Handler does not fire on an Azure cluster

Question

Handler does not fire on an Azure cluster

aristidesneto opened this issue a year ago · comments

Long story short

I have a handler that listens to events from a deployment that contains a certain declared annotation.

The events are: on creation and update.

The logic is that when the hash of the application image is changed during a deploy, the operator identifies and triggers the handler and executes the tasks that were programmed, which are the deletion and creation of a secret.

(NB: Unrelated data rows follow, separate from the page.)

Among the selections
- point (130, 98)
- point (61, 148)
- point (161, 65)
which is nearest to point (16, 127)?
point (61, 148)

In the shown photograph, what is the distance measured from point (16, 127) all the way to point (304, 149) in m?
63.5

When the deployment that contains the annotation defined by me is imaged, nothing happens. There are no logs on the operator pod and I don't know how to identify a possible problem why it doesn't fire.

In this case, if I delete the operator pod, when starting it, it identifies this change in deploy and triggers the handler, which is what I expect it to do.

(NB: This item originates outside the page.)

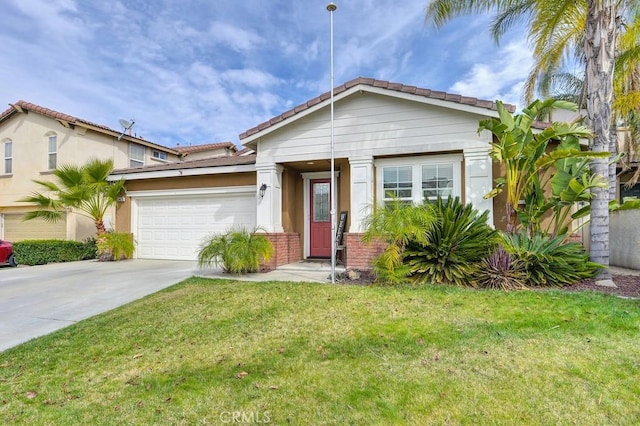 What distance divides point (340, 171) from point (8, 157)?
678 inches

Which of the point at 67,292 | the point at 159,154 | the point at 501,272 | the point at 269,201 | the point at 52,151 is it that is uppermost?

Weird is that the problem is happening on an Azure cluster. On some clusters on GCP it works successfully.

Is there anything I can analyze, debug this problem, because I don't know.

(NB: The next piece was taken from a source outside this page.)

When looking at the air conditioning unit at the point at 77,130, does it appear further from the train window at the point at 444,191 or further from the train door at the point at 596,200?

Below is my RBAC file to analyze if it could be something related to permissions.

Kopf version

1.36.1

Kubernetes version

1.24.10

Python version

3.10.6

Code

# main.py
import kopf
import ... # and others

@kopf.on.field(
    'deployments',
    field='spec.template.spec.containers',
    annotations={'my-custom-annotation': 'true'},
    old=kopf.PRESENT,
    new=kopf.PRESENT
)
def image_changed(name, spec, old, new, logger, namespace, annotations, **kwargs):
    # My code here
    # ...
    pass

----------------------
# my-app-deployment.yaml
apiVersion: apps/v1
kind: Deployment
metadata:
  name: my-app-dp
  namespace: default
  annotations:
    my-custom-annotation: "true"
...
----------------------
# RBAC File YAML
---
apiVersion: v1
kind: ServiceAccount
metadata:
  namespace: operator
  name: my-operator-sa
---
apiVersion: rbac.authorization.k8s.io/v1
kind: ClusterRole
metadata:
  name: my-operator-role-cluster
rules:
- apiGroups: ["apps"]
  resources: ["deployments", "deployments/status"]
  verbs: [get, list, watch, patch]
- apiGroups: ["*"]
  resources: ["secrets"]
  verbs: [get, list, create, delete]
- apiGroups: [""]
  resources: [events]
  verbs: [create]
- apiGroups: [""]
  resources: [namespaces]
  verbs: [list, watch]
---
apiVersion: rbac.authorization.k8s.io/v1
kind: ClusterRoleBinding
metadata:
  name: my-operator-cluster
roleRef:
  apiGroup: rbac.authorization.k8s.io
  kind: ClusterRole
  name: my-operator-role-cluster
subjects:
- kind: ServiceAccount
  name: my-operator-sa
  namespace: operator

Logs

/usr/local/lib/python3.11/site-packages/kopf/_core/reactor/running.py:176: FutureWarning: Absence of either namespaces or cluster-wide flag will become an error soon. For now, switching to the cluster-wide mode for backward compatibility.
  warnings.warn("Absence of either namespaces or cluster-wide flag will become an error soon."
[2023-07-24 16:40:52,753] kopf._core.engines.a [INFO    ] Initial authentication has been initiated.
[2023-07-24 16:40:52,756] kopf.activities.auth [INFO    ] Activity 'login_via_client' succeeded.
[2023-07-24 16:40:52,756] kopf._core.engines.a [INFO    ] Initial authentication has finished.
[2023-07-24 16:40:53,264] kopf._core.reactor.o [WARNING ] Not enough permissions to watch for resources: changes (creation/deletion/updates) will not be noticed; the resources are only refreshed on operator restarts.

Additional information

No response

Sergey Vasilyev · Answer 1 · Tue Jul 25 2023 04:51:15 GMT+0800 (China Standard Time)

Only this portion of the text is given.